# INPUT DATA
------------------------
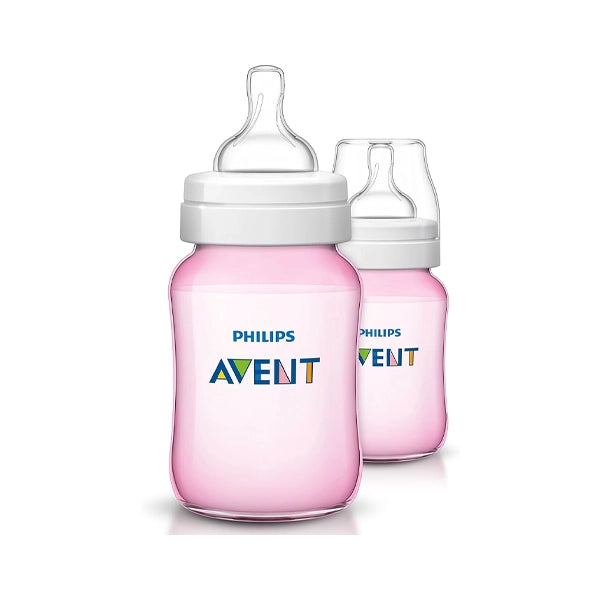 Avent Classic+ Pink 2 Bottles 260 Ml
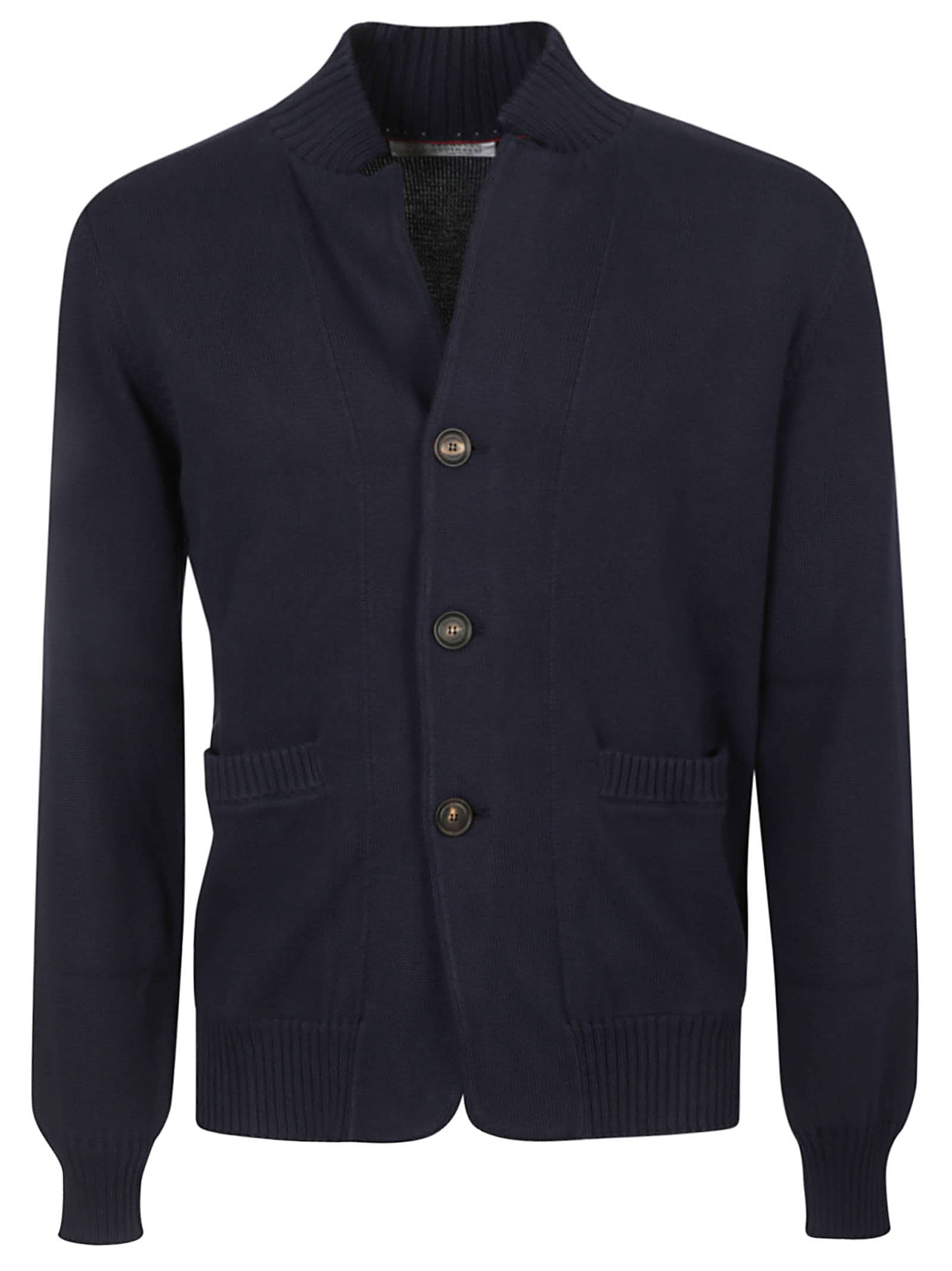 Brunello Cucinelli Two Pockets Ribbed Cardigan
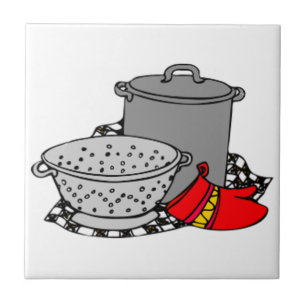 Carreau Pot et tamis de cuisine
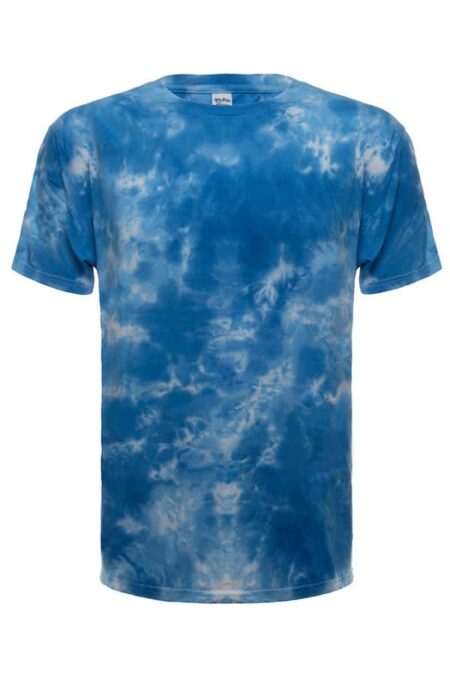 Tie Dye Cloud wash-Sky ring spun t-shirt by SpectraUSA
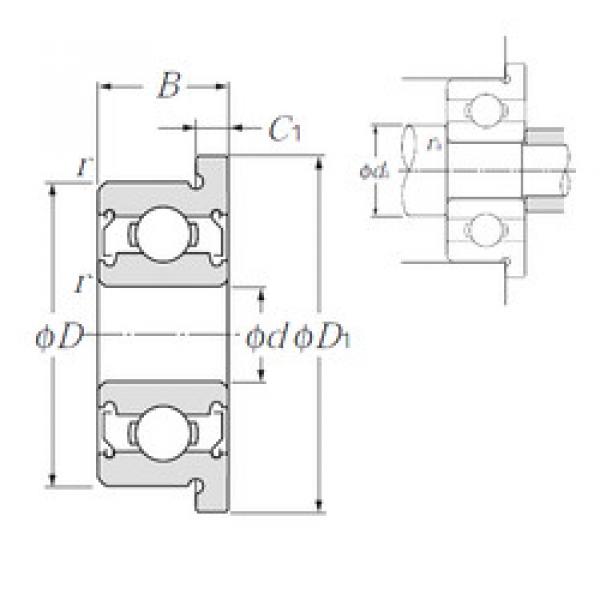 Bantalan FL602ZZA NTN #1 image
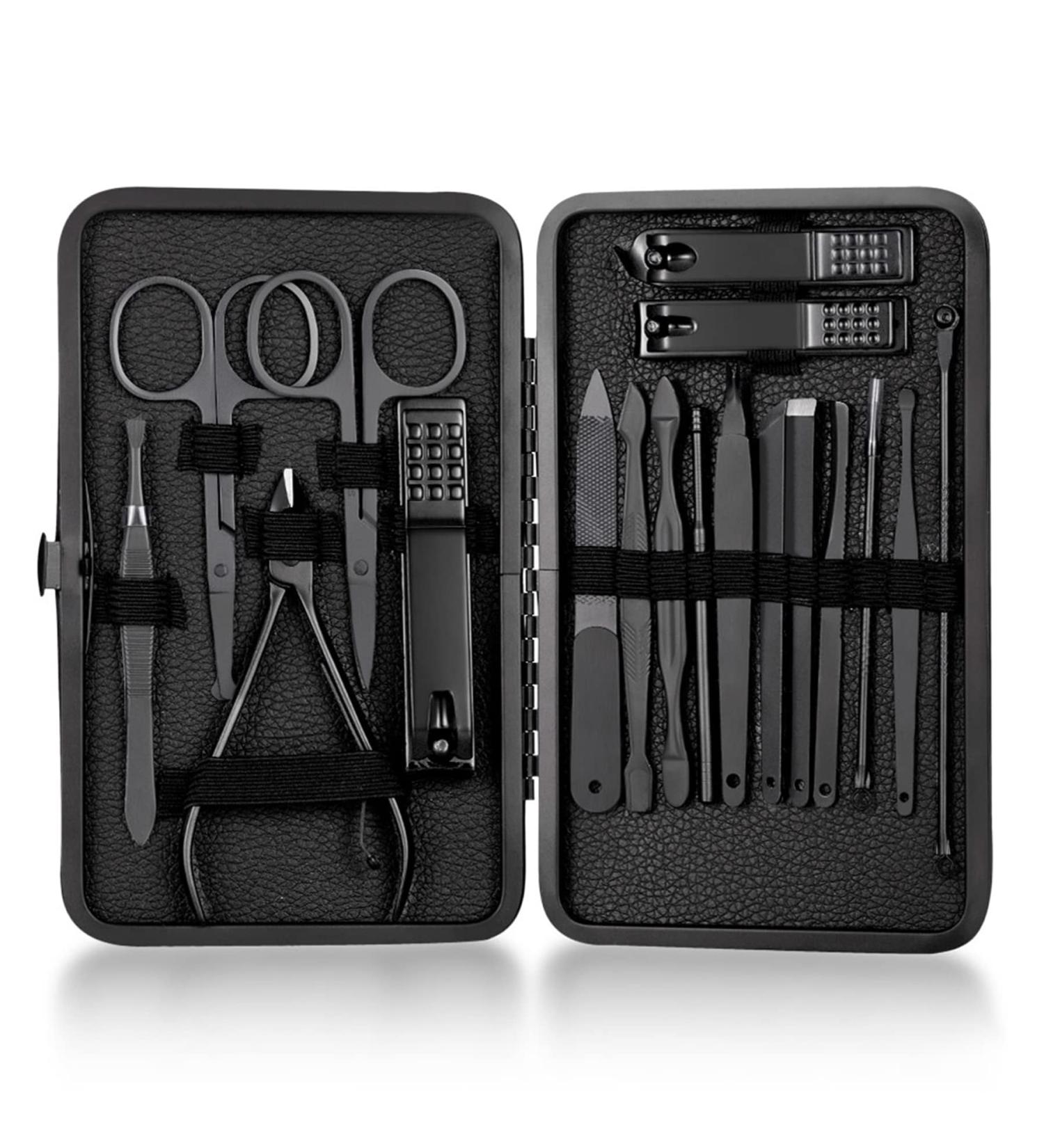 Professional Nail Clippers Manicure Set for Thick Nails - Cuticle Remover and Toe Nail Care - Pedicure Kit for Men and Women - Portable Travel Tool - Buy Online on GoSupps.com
------------------------
Pictures are to be left out; all else in the entries above is to be quoted exactly.

# WRITTEN SOLUTION
 Avent Classic+ Pink 2 Bottles 260 Ml
 Brunello Cucinelli Two Pockets Ribbed Cardigan
 Carreau Pot et tamis de cuisine
 Tie Dye Cloud wash-Sky ring spun t-shirt by SpectraUSA
 Bantalan FL602ZZA NTN #1 image
 Professional Nail Clippers Manicure Set for Thick Nails - Cuticle Remover and Toe Nail Care - Pedicure Kit for Men and Women - Portable Travel Tool - Buy Online on GoSupps.com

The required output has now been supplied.